Sample Change of Command Ceremony brochure
The line officer of today’s US Navy looks forward to the time when – with added years and varied experience in the sea service – he or she will be ordered to command a ship. The orders will be issued by the Chief of Naval Personnel in approximately these words:
“Proceed to the port in which USS Advance may be and upon arrival, report to your immediate superior in command, if present, otherwise by message, for duty as commanding officer of USS Advance.”
At this point the new CO [commanding officer] will be participating, for the first time actively, in the “change of command” ceremony. What is the tradition of the change of command?
Very little has been written on the subject. The basic sources, outside of custom and tradition are Navy regulations. The first mention of the ceremony in Navy regulations occurs during the Civil War; there has been little change in the procedures of the change of command since then.
The 1865 edition of Regulations for the Government of the United States Navy in Article 3, Section 1, no.72, says:
When a Commodore, Captain, or any other officer is appointed to the command of a single vessel, he will, if she be at a navy yard and ready to be transferred to him, make, in company with the Commanding Officer of the yard, or some other proper officer or officers appointed by such Commanding Officer for the purpose, a thorough personal examination of her, and inform himself as to all her arrangements and preparations of equipment; after which the transfer is to be formally made in the presence of as many of her officers and crew as can be assembled, before whom his appointment is to be read; and then the vessel is to be placed in commission by hoisting her ensign and pendant.

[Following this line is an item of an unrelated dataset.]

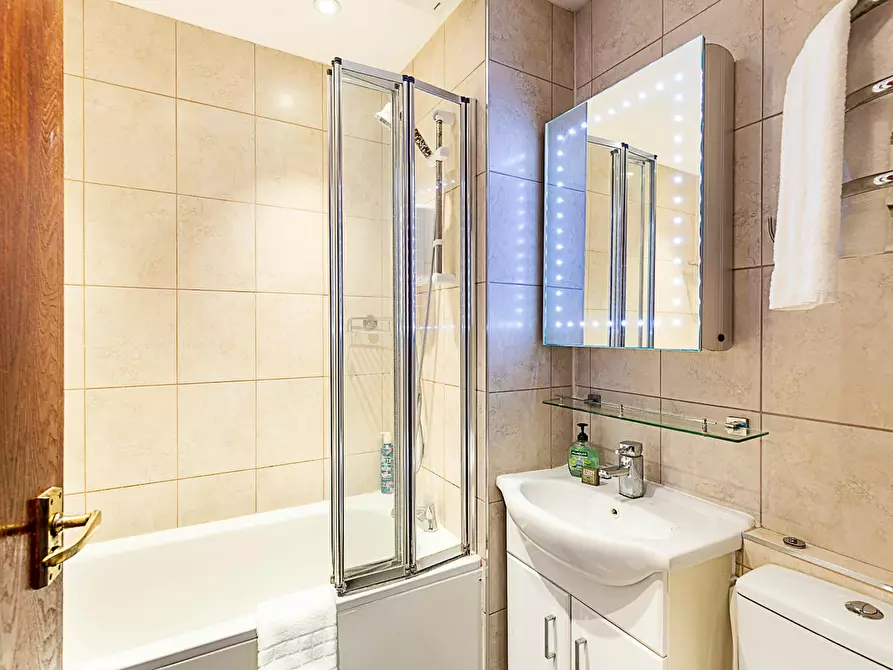 Immagine 4 di Appartamento in affitto  in Transom Square a Poplar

If the vessel is already in commission, he is, nevertheless to examine her and inform himself as stated above, and to read to her officers and crew his appointment.

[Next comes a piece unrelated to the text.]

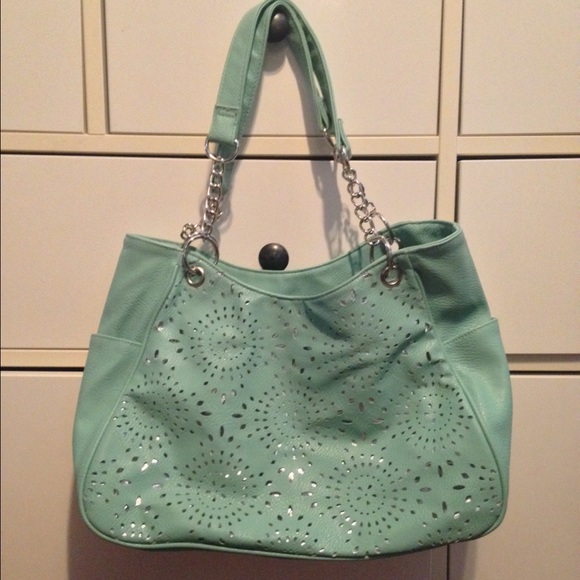 payless shoes purses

The 1990 edition of United States Navy Regulations in Article 0807, says that a “commanding officer about to be relieved of his command will: (a) inspect the command in company with the relieving officer, (b) In the case of a ship, and within other commands where appropriate, cause the crew to be exercised in the presence of both the commanding officer and the relieving officer at general quarters and general drills, unless conditions render it impracticable or inadvisable."
Relating specifically to the change of command ceremony is the regulation that at the time of turning over command the outgoing CO will “call all hands to muster, read the order of detachment and turn over command to his or her relief, who will read the orders of relief and assume command. At shore activities, this procedure may be modified as appropriate."

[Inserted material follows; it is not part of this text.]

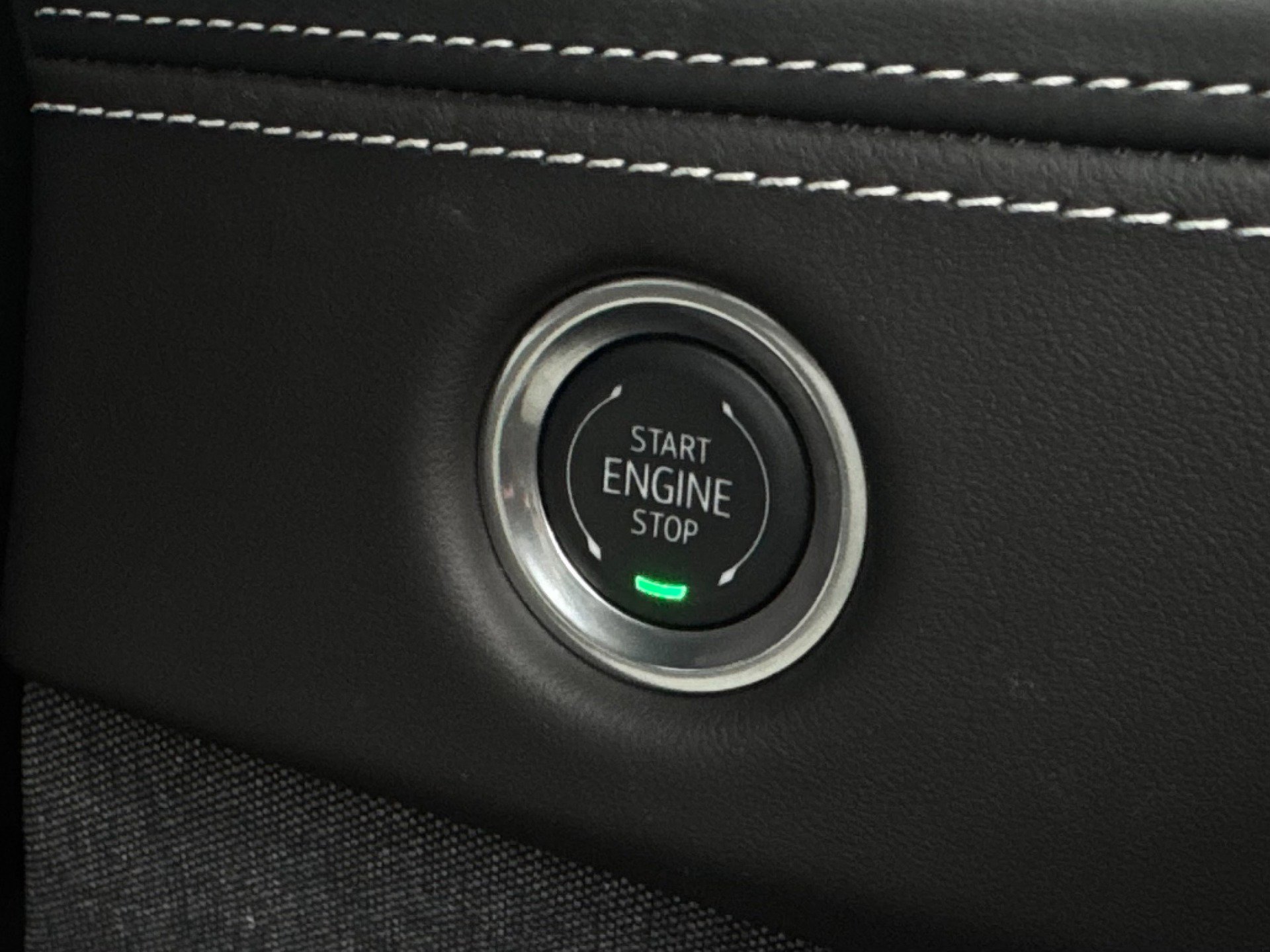 Used 2025 Cadillac Escalade Premium Luxury Platinum image 39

The change of command ceremony itself is under way when all hands are called to Quarters at the appointed hour. Sufficient room is left for the guests. The uniform is normally service dress with the official party in full dress uniform with medals and swords.
When the executive officer (XO) reports the crew at Quarters, the outgoing CO and his relief proceed to the ceremonial area together. The ceremony routine will generally include an honor guard to parade the national ensign, the singing or playing of the national anthem, and an invocation and benediction. After a brief speech, the outgoing officer reads the orders of detachment to the officers and crew, then turns to his relief and reports "I am ready to be relieved." The relieving officer steps forward and reads his or her orders to command, after which he salutes the outgoing officer and says, “I relieve you sir/ma'am."
The new skipper typically will give a brief talk to the personnel of his or her new command and may include a statement that standing orders will remain in effect. He then turns to the executive officer and orders the XO to continue with ship's routine.
The ceremony is over and he or she is now CO of USS Advance.
Navy regulations also specify that "the officer relieved, though without authority after turning over the command, is, until final departure, entitled to all ceremonies and distinctions accorded a commanding officer."
Adapted from: “How Did It Start: Change of Command Ceremony.” All Hands 451 (September 1954): 57.